# Life at the edge!



## Stakie (Jul 11, 2011)

Let me get up to date here. I use to ride horses when I was younger. Even had one of my own while I lived in Virginia. That however was short lived as I moved and had no real choice in the matter. I took lessons elsewhere bbt I "outgrew" it and just did not have the passion for it anymore.

Currently I have found the love for horses again. As an adult I was comfortable enough to purchase another horse. This horse's name is Ziggy. He is an older horse. He was a rescue that I was fortunate person to find him. He has had much more training then I. However, we are both being trained once again. We are going to get in shape! I need re-learn rein control and I need to work with Ziggy on how to respond to whoa!

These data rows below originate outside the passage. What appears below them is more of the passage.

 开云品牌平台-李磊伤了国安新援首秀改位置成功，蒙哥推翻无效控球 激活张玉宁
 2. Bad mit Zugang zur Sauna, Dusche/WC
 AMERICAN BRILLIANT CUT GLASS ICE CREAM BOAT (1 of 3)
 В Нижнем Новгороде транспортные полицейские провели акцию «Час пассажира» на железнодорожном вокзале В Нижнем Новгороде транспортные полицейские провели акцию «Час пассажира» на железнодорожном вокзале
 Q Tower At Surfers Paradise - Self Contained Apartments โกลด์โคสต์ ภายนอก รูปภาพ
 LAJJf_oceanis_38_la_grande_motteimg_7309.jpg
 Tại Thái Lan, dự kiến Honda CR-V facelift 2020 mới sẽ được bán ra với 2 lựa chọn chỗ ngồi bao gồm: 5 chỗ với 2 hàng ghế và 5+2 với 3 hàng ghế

We are finally going to be moving from the rescue that I adopted him from and will be moving MUCH closer to my house. We will finally be able to spend much more time with each other starting on 7/28/11! I will be purchasing all "new" tack that fits us both. We *will* be able to ride the trails by next year!


----------



## Stakie (Jul 11, 2011)

I have not rode Ziggy in what seems like ages. Not because I do not want to but because he needed to have a trim. He finally got one yesterday. He is sound but needs some hoof conditioner. Just another item on my list of tack to get. I went to our local Agway today to price everything. I found just about everything I needed so far. I will be purchasing a saddle on friday. Thankfully I can put it on layaway. There are ALOT of things I need to get before I move Ziggy to his new home. It's a little overwhelming but it is sure worth it.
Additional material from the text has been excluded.